The total amount of body fluid is not large, for the spaces among the cells are in most cases extremely tiny; it follows that with all the millions of cells absorbing food materials and oxygen from this fluid and discharging waste materials into it the time will soon come when no more food or oxygen will be left to be absorbed and there will be no more capacity for holding waste substances. If this state of affairs were actually to happen, metabolism would come to an end and death would be the result; evidently there must be some means of keeping the body fluids constantly renewed in respect to the things which the cells need for their metabolism, and constantly drained of the waste substances which the cells pour out. The way in which this renewal is accomplished is simple; part of the body fluid is separated off from the rest in a system of pipes, known to us as the blood vessels, and this part is kept in motion; at intervals along the system are stations at which the moving fluid can exchange substances with the fluid which actually comes in

contact with the cells; thus the stationary fluid can obtain from the moving fluid the materials which the cells, in turn, are constantly withdrawing from it, and can pass on to the moving fluid the products with which the cells are continuously charging it. All that is necessary to complete the successful operation of the system is to have additional stations at which the moving fluid can obtain supplies of food materials and of oxygen, and stations where it can get rid of the wastes which it accumulates from the stationary fluid, and there must be a pump by which the moving fluid is kept in motion.

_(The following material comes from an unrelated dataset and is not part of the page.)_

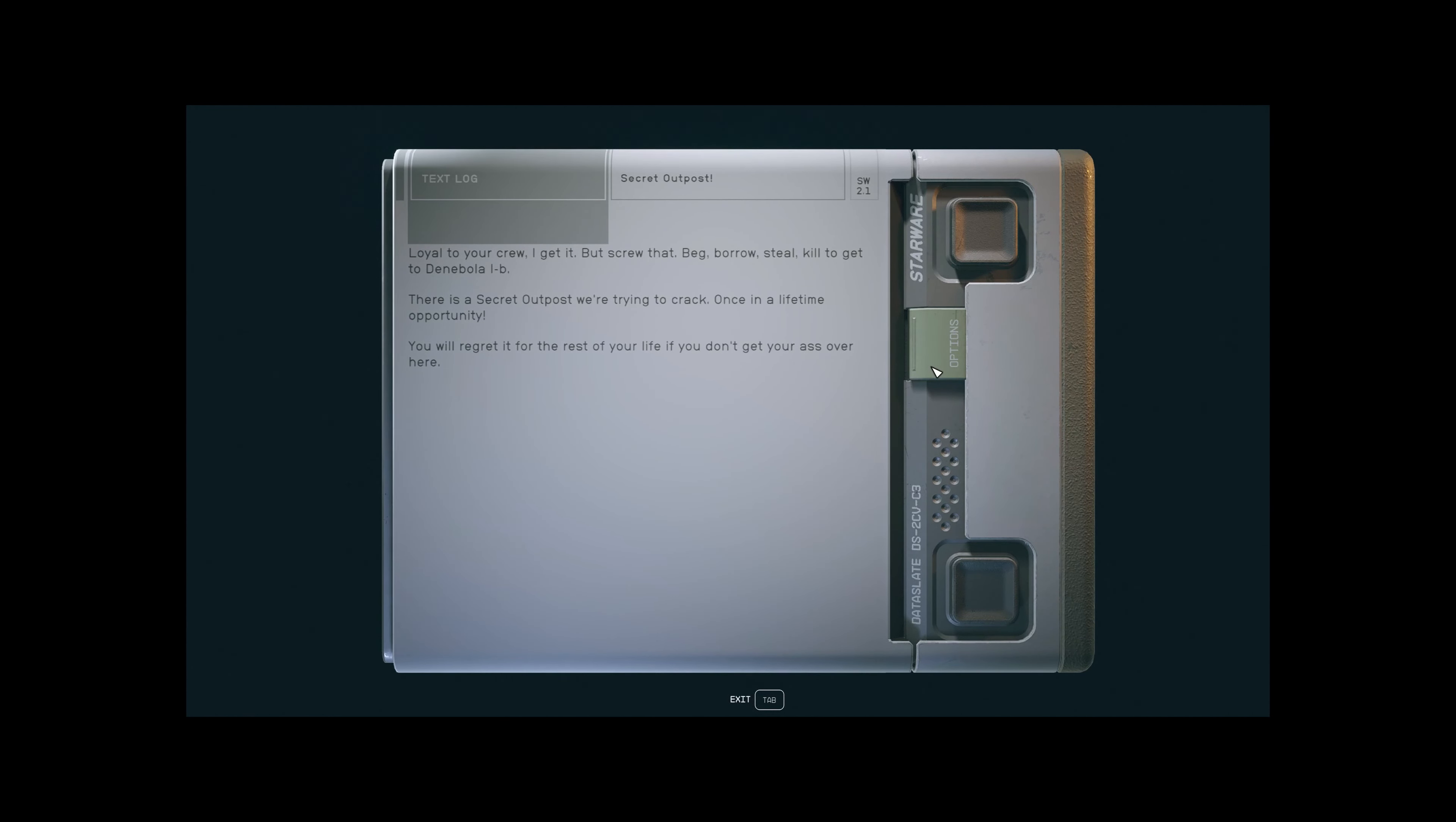This quest will make you travel to the world Denebola 1B. This is where you'll find a secret outpost.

We are familiar with the moving fluid under the name of blood; the system of pipes in which it moves are the blood vessels; the pump which keeps it in motion is the heart; the various supply stations include the digestive organs, the lungs, and the kidneys. In later chapters the operation of all these stations will be described in detail. The present outline has been given to show in a general way how the problem of metabolism is handled in highly organized bodies in which the individual cells have no direct access to food or oxygen supplies.